[Brief descriptive captions]
********

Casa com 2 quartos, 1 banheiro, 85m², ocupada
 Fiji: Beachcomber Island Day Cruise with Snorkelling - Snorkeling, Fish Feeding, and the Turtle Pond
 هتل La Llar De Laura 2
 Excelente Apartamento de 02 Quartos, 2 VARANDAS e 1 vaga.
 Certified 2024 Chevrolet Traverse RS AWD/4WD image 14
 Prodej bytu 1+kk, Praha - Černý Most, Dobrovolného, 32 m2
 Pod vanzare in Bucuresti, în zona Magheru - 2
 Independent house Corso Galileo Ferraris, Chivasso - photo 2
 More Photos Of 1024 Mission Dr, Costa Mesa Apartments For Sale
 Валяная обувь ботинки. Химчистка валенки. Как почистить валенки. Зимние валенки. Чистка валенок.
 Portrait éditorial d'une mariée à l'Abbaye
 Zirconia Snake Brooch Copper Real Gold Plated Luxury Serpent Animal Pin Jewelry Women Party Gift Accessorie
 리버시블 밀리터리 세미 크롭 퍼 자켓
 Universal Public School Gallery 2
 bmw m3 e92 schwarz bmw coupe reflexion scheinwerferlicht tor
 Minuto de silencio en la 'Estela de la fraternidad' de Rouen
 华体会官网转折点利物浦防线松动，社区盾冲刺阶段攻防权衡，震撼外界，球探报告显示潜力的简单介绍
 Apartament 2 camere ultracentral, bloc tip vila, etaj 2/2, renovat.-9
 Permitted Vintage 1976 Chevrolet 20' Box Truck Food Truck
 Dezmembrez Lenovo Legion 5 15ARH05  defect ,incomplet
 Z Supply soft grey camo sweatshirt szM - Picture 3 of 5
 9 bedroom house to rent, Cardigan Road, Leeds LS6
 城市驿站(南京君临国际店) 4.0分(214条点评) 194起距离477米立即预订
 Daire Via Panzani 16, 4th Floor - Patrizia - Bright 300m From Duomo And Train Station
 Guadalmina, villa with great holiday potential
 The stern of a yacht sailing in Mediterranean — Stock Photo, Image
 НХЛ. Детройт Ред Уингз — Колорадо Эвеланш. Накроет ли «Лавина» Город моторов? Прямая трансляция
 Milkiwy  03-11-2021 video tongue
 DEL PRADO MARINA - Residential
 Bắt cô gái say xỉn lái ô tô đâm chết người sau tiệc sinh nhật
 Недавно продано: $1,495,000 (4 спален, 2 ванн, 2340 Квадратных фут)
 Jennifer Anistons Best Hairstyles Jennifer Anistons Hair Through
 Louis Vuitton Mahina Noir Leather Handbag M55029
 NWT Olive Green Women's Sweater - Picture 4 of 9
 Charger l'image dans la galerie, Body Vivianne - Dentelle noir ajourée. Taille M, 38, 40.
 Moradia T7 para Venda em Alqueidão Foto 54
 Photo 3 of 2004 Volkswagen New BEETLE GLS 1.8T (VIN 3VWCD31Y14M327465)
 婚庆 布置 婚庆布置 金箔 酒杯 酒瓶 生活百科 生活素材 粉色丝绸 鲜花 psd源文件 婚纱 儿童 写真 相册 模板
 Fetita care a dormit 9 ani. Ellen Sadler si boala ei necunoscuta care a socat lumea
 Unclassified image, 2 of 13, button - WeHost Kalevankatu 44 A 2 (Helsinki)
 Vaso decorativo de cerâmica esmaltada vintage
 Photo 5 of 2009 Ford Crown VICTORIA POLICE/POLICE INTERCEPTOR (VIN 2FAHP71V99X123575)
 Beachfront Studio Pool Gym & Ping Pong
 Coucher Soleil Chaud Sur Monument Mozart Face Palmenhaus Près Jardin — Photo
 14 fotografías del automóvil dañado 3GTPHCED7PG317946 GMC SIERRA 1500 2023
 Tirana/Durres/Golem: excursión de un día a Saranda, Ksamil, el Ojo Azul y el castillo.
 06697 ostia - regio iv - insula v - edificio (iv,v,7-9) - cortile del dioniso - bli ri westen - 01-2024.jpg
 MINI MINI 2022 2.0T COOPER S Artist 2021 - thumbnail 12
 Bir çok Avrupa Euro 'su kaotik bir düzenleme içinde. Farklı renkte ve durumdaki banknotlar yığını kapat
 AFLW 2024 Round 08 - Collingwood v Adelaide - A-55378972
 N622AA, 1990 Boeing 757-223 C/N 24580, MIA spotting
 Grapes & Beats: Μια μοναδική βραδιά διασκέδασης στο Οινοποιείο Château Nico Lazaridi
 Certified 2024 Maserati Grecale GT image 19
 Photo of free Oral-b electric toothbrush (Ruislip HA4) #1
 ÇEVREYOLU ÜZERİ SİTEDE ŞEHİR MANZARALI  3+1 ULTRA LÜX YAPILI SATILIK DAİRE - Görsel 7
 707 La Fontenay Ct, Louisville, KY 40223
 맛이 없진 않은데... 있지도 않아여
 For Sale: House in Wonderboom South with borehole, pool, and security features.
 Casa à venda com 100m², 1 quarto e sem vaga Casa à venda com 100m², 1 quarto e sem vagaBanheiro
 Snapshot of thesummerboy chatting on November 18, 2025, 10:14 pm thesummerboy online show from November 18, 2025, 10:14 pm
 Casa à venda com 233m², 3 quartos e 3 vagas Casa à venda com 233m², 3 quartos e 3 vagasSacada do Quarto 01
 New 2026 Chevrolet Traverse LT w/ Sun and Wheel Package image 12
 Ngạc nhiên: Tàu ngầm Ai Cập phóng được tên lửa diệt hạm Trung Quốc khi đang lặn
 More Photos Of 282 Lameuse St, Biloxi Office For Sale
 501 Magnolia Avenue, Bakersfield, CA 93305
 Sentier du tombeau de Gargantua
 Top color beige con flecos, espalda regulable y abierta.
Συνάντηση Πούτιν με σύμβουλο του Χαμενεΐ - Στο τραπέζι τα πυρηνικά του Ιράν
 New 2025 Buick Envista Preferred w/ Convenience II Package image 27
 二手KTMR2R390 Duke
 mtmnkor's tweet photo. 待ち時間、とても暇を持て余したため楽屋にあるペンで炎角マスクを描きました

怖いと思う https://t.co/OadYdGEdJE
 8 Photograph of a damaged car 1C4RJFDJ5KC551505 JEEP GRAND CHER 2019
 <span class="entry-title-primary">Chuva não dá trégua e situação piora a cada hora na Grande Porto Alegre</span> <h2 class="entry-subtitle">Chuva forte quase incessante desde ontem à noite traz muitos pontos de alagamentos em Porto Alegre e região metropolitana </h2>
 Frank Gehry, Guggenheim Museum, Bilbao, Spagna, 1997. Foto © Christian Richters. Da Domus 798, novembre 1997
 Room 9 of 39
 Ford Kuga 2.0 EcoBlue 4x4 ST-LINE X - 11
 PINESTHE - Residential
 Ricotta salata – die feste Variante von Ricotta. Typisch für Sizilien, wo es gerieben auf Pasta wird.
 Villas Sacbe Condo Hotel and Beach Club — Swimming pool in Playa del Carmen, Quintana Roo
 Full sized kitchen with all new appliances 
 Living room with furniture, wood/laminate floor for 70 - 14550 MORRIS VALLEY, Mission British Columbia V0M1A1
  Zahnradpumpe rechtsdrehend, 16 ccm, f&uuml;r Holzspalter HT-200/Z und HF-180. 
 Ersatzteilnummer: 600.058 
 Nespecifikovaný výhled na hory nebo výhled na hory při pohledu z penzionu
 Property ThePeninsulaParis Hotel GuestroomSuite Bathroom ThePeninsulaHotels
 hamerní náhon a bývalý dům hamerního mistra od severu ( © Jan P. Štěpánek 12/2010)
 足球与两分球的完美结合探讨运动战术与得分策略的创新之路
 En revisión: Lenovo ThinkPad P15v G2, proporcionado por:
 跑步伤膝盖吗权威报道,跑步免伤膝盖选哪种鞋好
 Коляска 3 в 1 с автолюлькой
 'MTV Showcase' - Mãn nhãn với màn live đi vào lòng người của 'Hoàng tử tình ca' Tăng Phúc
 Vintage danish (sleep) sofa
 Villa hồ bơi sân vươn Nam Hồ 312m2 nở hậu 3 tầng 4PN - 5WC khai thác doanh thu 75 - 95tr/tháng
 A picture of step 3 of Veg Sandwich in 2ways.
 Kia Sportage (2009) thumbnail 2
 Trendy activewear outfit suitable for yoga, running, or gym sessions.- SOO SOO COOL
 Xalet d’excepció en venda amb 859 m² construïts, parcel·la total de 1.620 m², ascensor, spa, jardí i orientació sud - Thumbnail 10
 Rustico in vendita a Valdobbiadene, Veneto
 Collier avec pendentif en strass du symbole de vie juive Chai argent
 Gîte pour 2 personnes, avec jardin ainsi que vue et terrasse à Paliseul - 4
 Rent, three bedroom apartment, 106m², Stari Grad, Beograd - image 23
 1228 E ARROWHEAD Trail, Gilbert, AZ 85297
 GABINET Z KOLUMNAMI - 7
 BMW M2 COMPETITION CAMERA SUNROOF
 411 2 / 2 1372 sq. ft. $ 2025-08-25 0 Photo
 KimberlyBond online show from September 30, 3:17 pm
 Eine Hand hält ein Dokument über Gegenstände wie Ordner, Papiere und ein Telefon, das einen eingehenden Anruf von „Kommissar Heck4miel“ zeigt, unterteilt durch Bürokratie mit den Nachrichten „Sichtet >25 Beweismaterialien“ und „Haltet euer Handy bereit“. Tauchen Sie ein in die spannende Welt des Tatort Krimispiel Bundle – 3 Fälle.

********

Give back precisely the lines above that start at the line containing "Beachfront Studio Pool Gym & Ping Pong" and end at the line containing "MINI MINI 2022", inclusive. No other lines belong in the output.

 Beachfront Studio Pool Gym & Ping Pong
 Coucher Soleil Chaud Sur Monument Mozart Face Palmenhaus Près Jardin — Photo
 14 fotografías del automóvil dañado 3GTPHCED7PG317946 GMC SIERRA 1500 2023
 Tirana/Durres/Golem: excursión de un día a Saranda, Ksamil, el Ojo Azul y el castillo.
 06697 ostia - regio iv - insula v - edificio (iv,v,7-9) - cortile del dioniso - bli ri westen - 01-2024.jpg
 MINI MINI 2022 2.0T COOPER S Artist 2021 - thumbnail 12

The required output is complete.